Tools for working with the Task Assembly service for managing crowdwork projects.
Start by installing the task-assembly client by running the following command.
pip install task-assembly
Note that the task-assembly client uses some AWS resources. If you haven't done so already, you will need to install
the AWS CLI and configure it with your credentials (aws configure
) before using the client.
Next, run the following command to configure your Task Assembly API key:
task-assembly configure --key <api-key>
At any point, you can run the following command to check that your account has been correctly configured:
task-assembly configure --validate
If you are new to Task Assembly, you can start with a small sample project by running task-assembly example
to
copy a set of files to your working directory. These can be used with the instructions below to set up your first
project and help you build familiarity with how Task Assembly works.
First, we'll need to create a task-type for this project. This is just a placeholder and will be removed in
future updates to Task Assembly. Simply run the following command and capture the id that is generated.
When building the example application, use NumbersExample
as the type name.
task-assembly create_task_type <type_name>
Now, we'll want to create a new Task Definition for our task using the Task Type created in the previous step.
When building the example application, use Numbers
as the definition name.
task-assembly create_task_definition <definition_name> <task_type_id>
This will generate a new definition for our project and write a definition.json file that we will use to capture our task attributes.
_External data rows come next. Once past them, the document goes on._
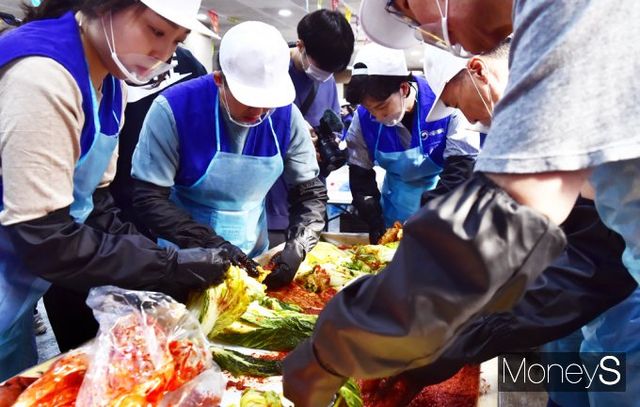 ▲ 꼼꼼하게 사랑 담아 김장김치 버무려요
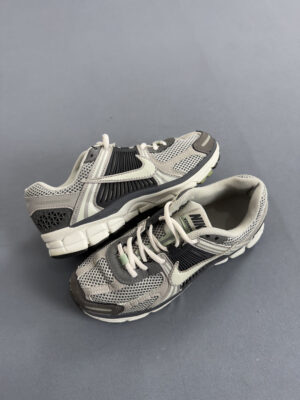 Tênis Nike Zoom Vomero 5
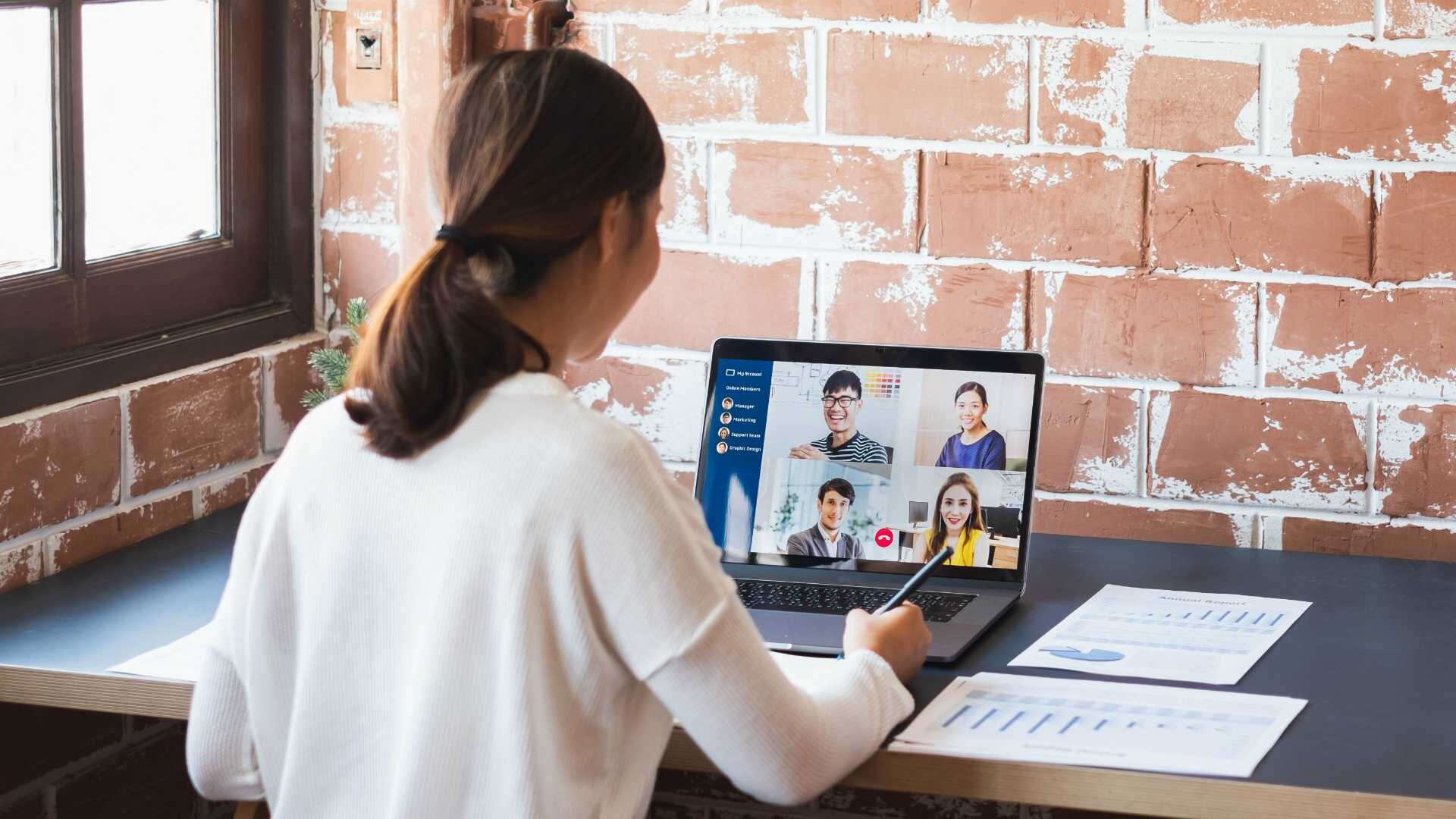 من بيتي - 3 - كيف تكون فريق عمل أون لاين وتنتقل من فريلانسر إلى مدير فريق في 2026؟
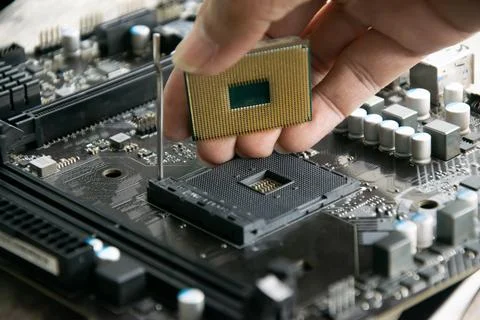 Side view of the CPU chip installation on the motherboard. Stockfoto's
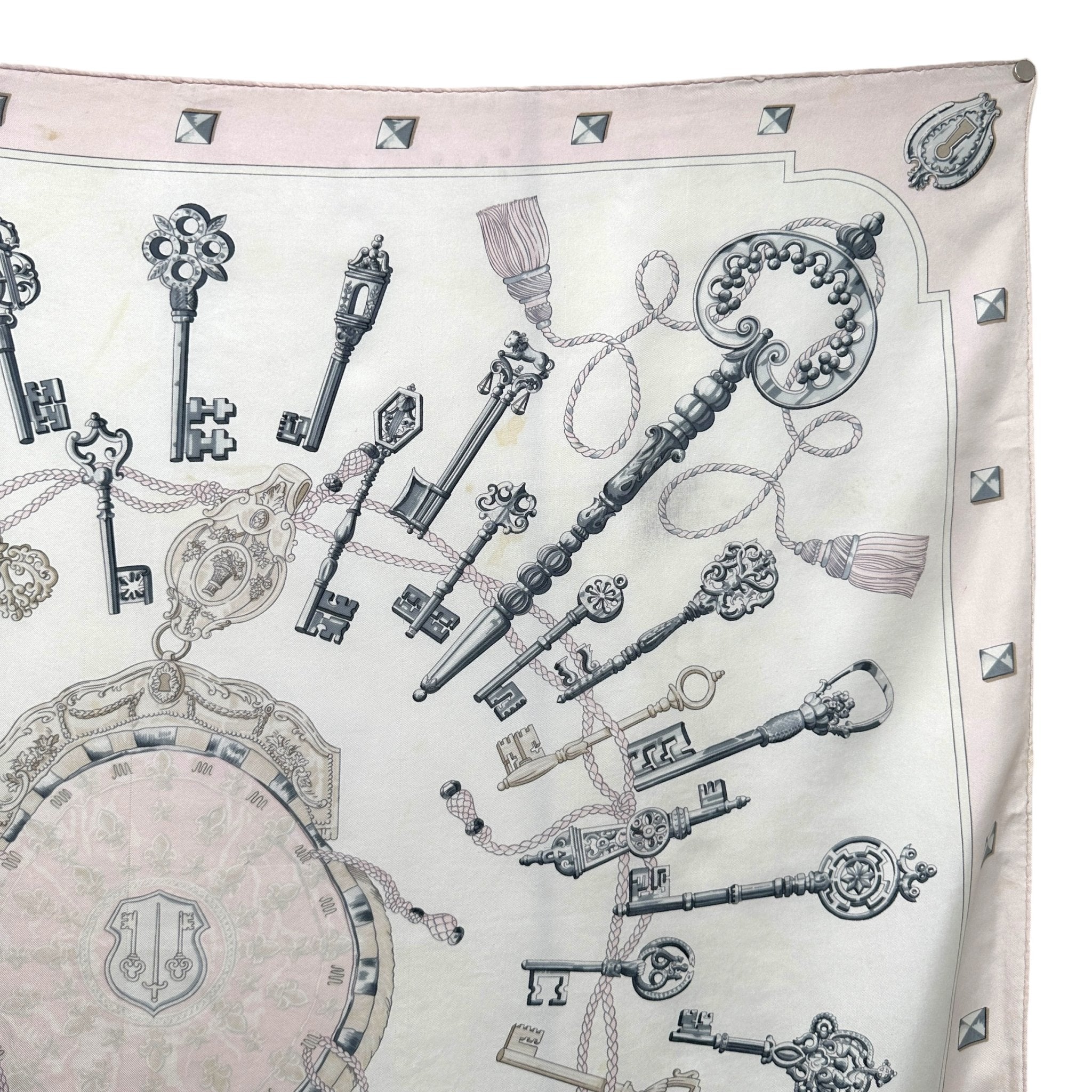 les cles foulard hermes en soie rose gris et blanc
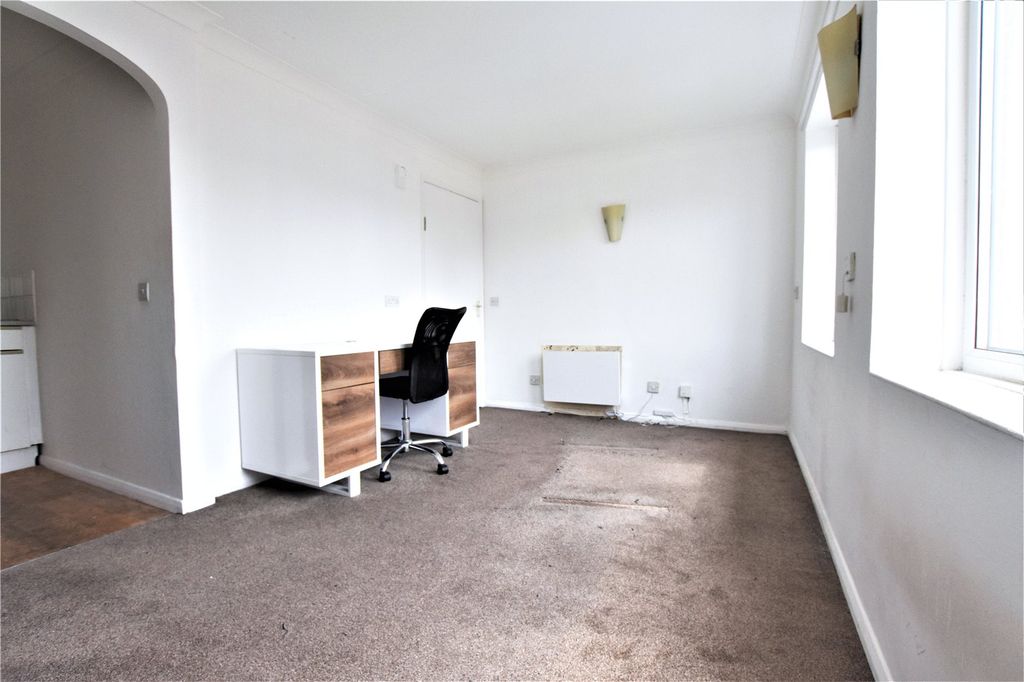 Property photo 3 of 12 Picture No. 12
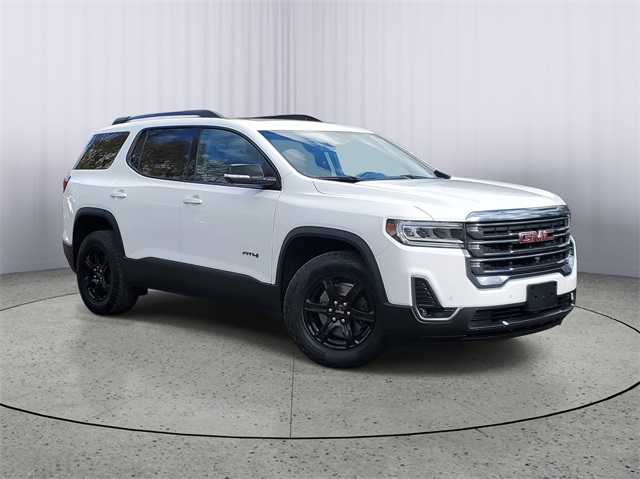 2022 GMC Acadia AT4's photo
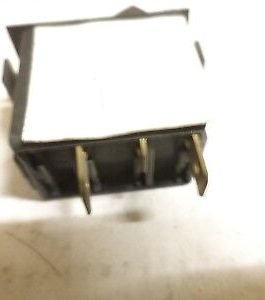 n°r154 interrupteur ventilation innocenti bertone 53331121 neuf DPA86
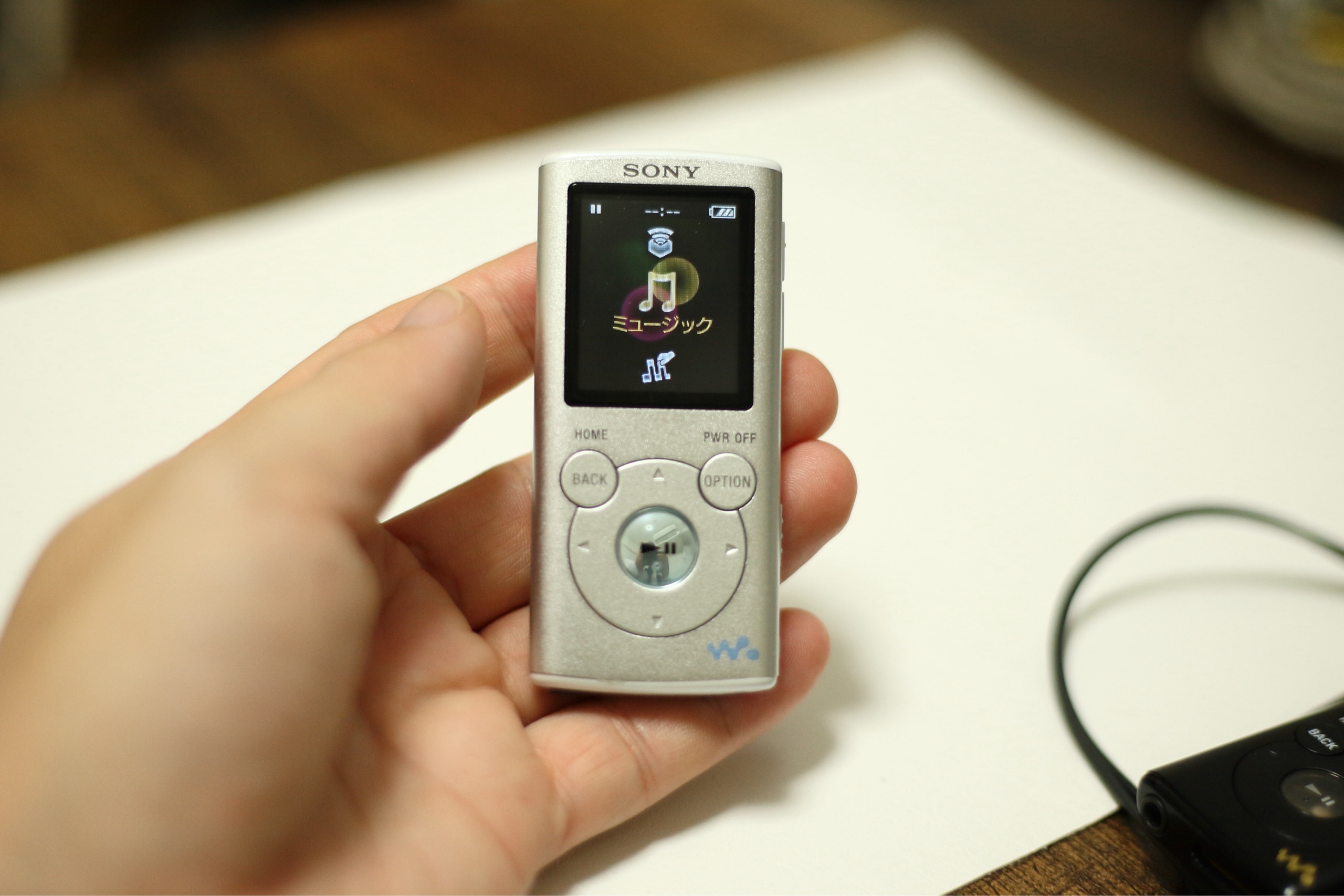 Máy nghe nhạc Sony NW-E052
Now we can update the definition.json
file with the appropriate attributes for our task. We've included
the core attributes for the example task below:
DefinitionId: <your_definition_id>
TaskType: <your_task_type_id>
Title: Convert number to text
Description: Write out a number as text
RewardCents: 10
Lifetime: 3600
AssignmentDuration: 300
DefaultAssignments: 2
MaxAssignments: 5
AutoApprovalDelay: 0
You can now run the following command to update the definition in Task Assembly:
task-assembly update_task_definition
The task interface for our project is in the template.html
file, and you will note that it uses a very similar
templating language as Amazon SageMaker Ground Truth and the Amazon MTurk website. In most cases you can simply
copy/paste existing task templates from those tools and update the variable names within the {{ name }}
values.
To apply this new task template to our definition, we can simply add a reference to it in our definition.json
file:
TemplateFile: template.html
Then run the update_task_defintion
command again.
task-assembly update_task_definition
The update_task_definition
command can be used to submit any future changes you make to your definition.json.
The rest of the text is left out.